With only about a month before the new year, now's a good time to think about what 2016 will mean for your school. Whatever other changes are headed your way, you can be certain that an increasing emphasis on digital media and content will play a big part in the way your classrooms and curricula develop in the years to come.
For some years, K-12 educators and experts have discussed the coming of “the digital classroom” with many schools deploying various types of technologies in an effort to turn the vision into reality. Although 90 percent of teachers now report technology is having a positive effect on student participation, most classrooms still look the same as they did 50 years ago. But, in 2016, that’s about to change.
Although 90 percent of teachers now report technology is having a positive effect on student participation, most classrooms still look the same as they did 50 years ago. But, in 2016, that’s about to change.
Historically, the classroom has reflected the business world. For example, the one-room schoolhouse for our agrarian society gave way to the needs of the industrial revolution, with students divided by grade level and rows of desks, mirroring a factory assembly line.

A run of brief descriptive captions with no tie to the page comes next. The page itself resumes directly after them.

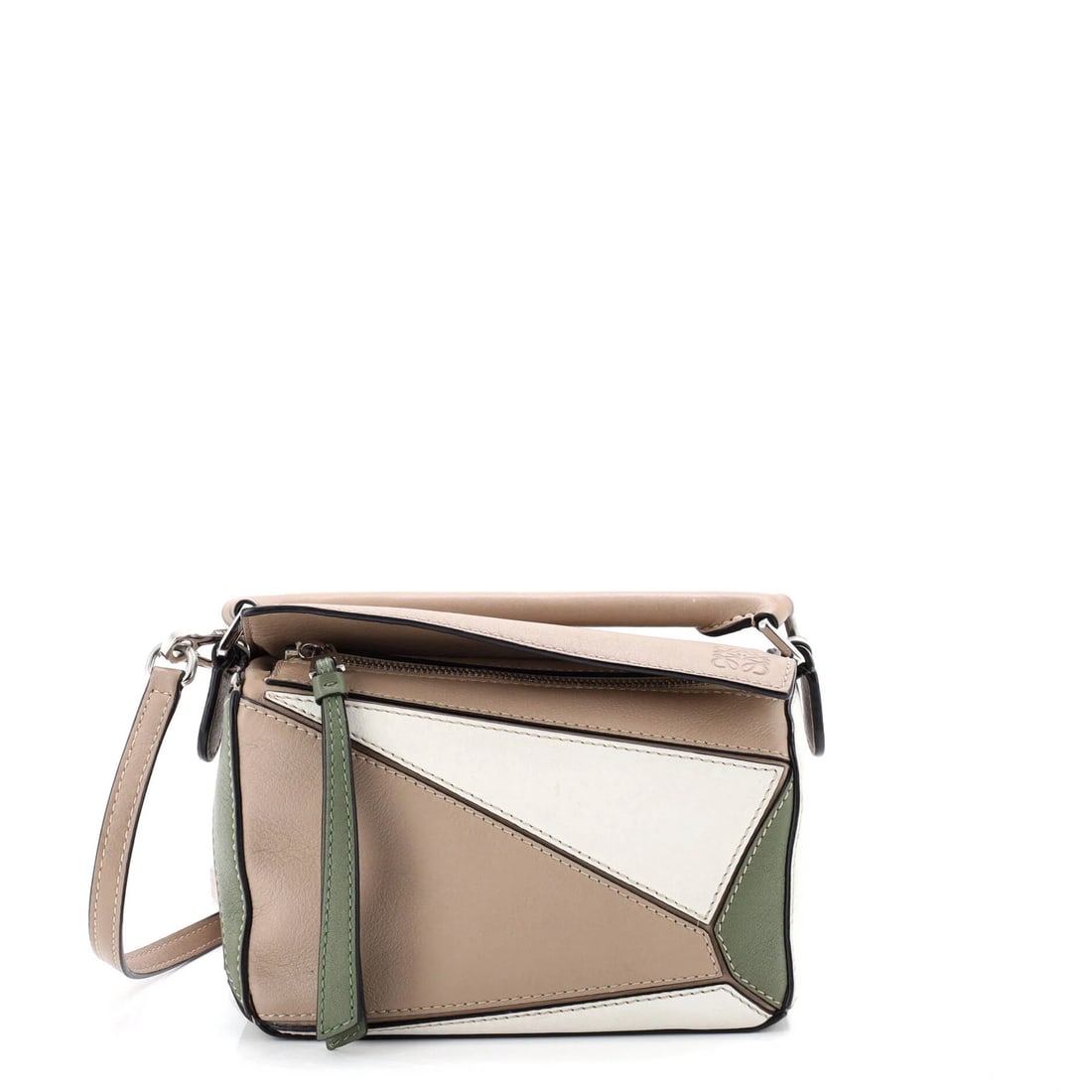 Mini Loewe Puzzle Bag Leather: Mini Loewe Puzzle Bag Leather This listing features Mini Loewe Puzzle Bag Leather. Item specifics are provided below. Item Specifics: Brand: Loewe Exterior Material: Leather Style: Cross Body Bags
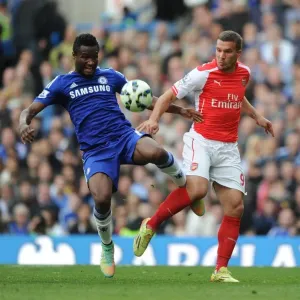 Clash at Stamford Bridge: Podolski vs. Mikel Obi - A Football Battle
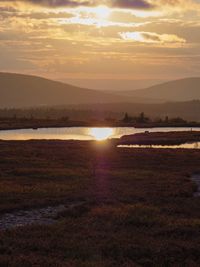 Scenic view of sunset over land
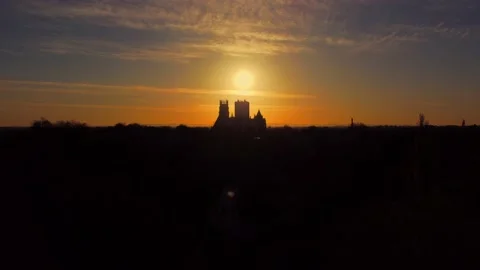Aerial shot of York skyline with York Minster silhouette at sunrise Stock Footage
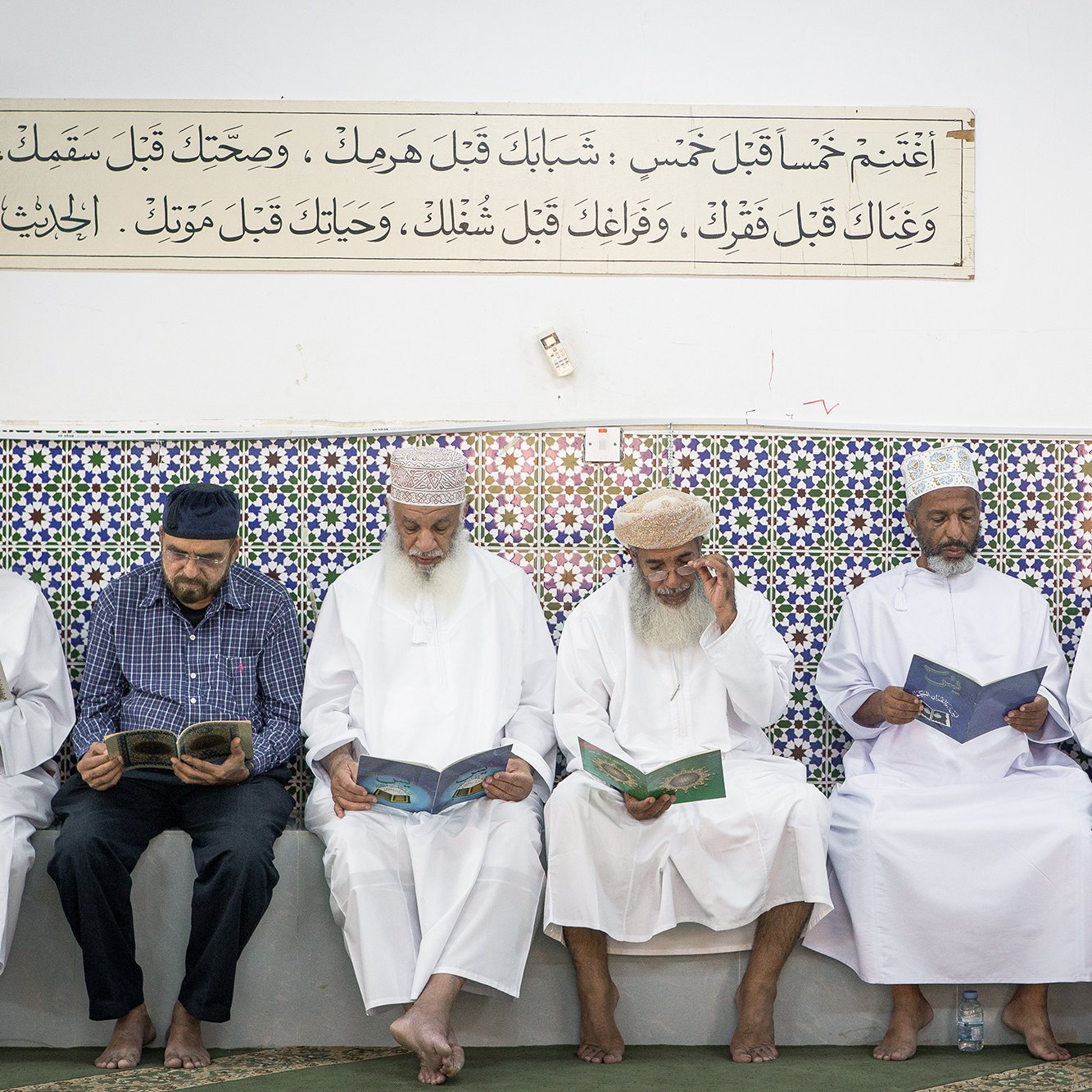 L'image montre un groupe d'hommes assis en ligne, lisant des livres, probablement des copies du Coran. Ils portent des vêtements traditionnels, tels que des dishdashas et des couvre-chefs. En arrière-plan, on peut voir un mur décoré de carrelage coloré, sur lequel est inscrite une citation ou un texte. L'atmosphère semble calme et sereine, suggérant un moment de prière ou de méditation.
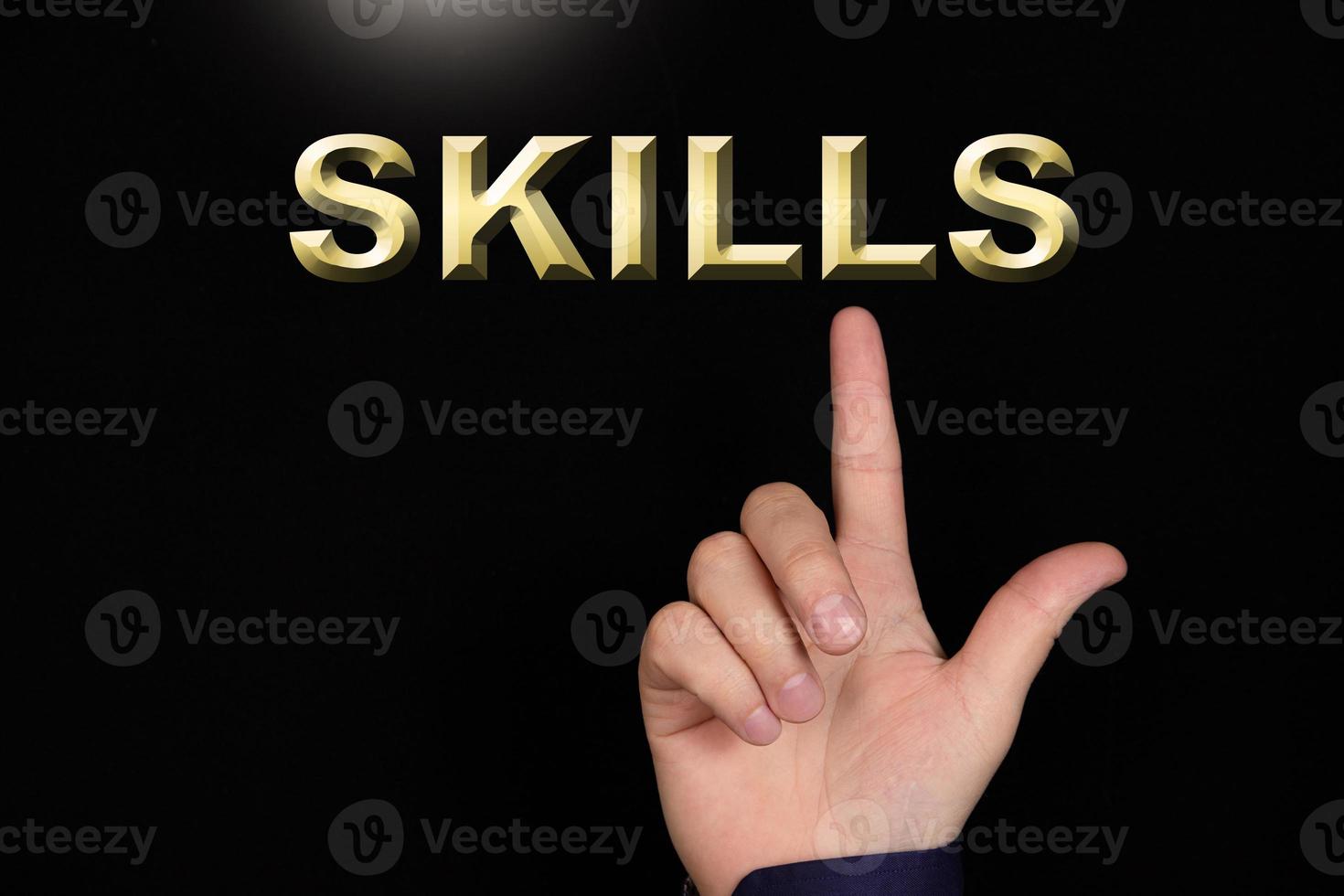 SKILLS text, a word written on a black background pointed to by a hand with the index finger of a person. photo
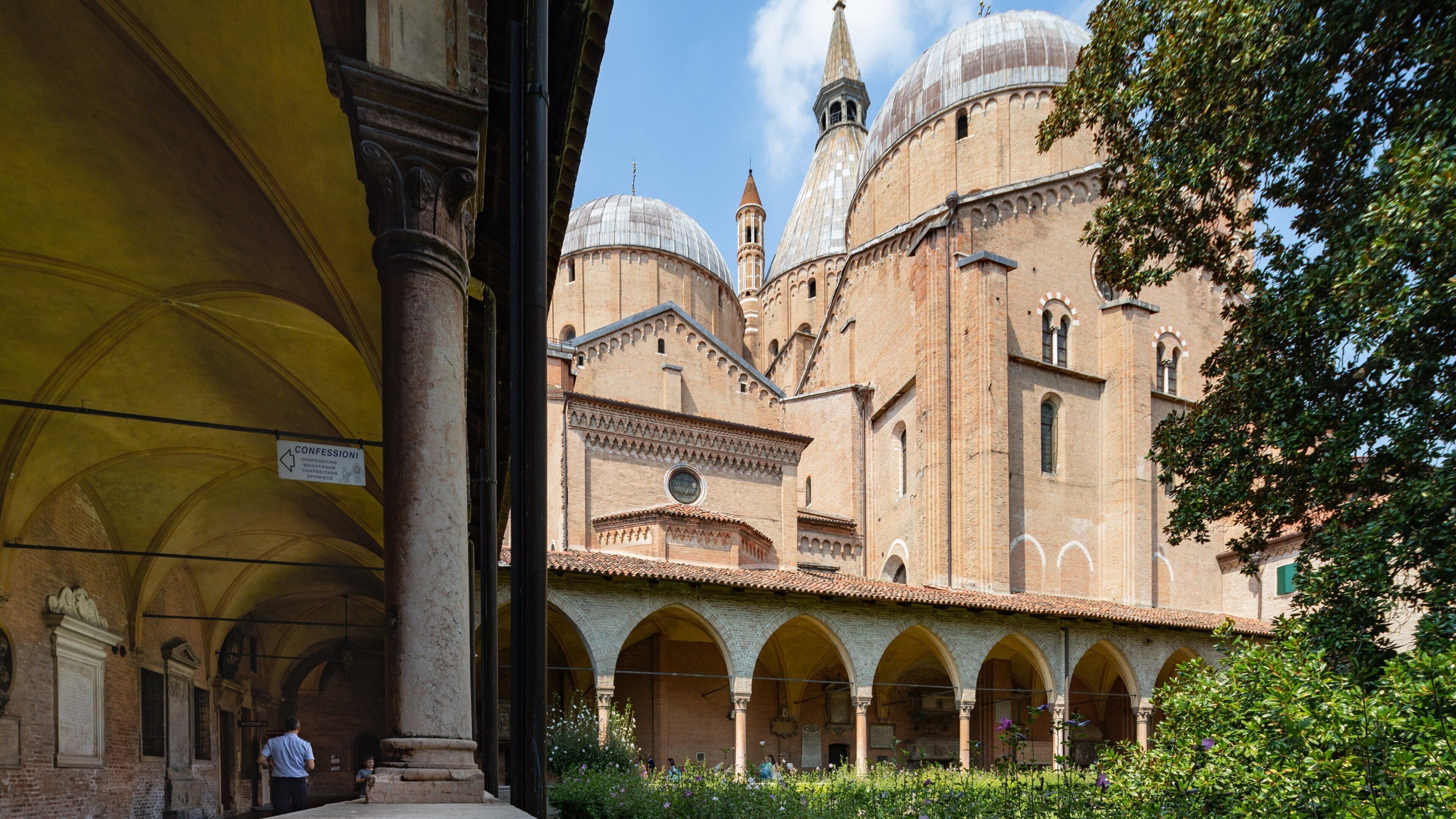 A historic building with arched walkways and domed structures.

Today, workplaces are rapidly becoming collaborative spaces, with expectations employees will work in teams and alternate between leadership and contribution roles. Naturally, K-12 schools are evolving to prepare students for these new workday requirements with collaborative classrooms, project-based learning and the movement toward “learners” and “facilitators” rather than students and teachers.
So why is 2016 the year when digital classrooms make the leap from experimental to mainstream? Although the short answer is mobility, it’s really about a convergence of factors. Here’s what you need to know to help your school make the transformation successfully.
Digital Curriculums Have Arrived. When talk of the digital classrooms began, the vision was exciting but teachers lacked curriculum to make it happen. Then research on digital curricula began and, today, many accredited options are available.
Educator Tech Proficiency Has Reached Critical Mass. Everyone knows that smartphones and tablets have fundamentally changed societies around the world. It’s no different in education. Gone are the days when only the youngest or most intrepid teachers became excited about technology. However, this doesn’t negate the value of professional development. Quite the opposite, as training remains critical.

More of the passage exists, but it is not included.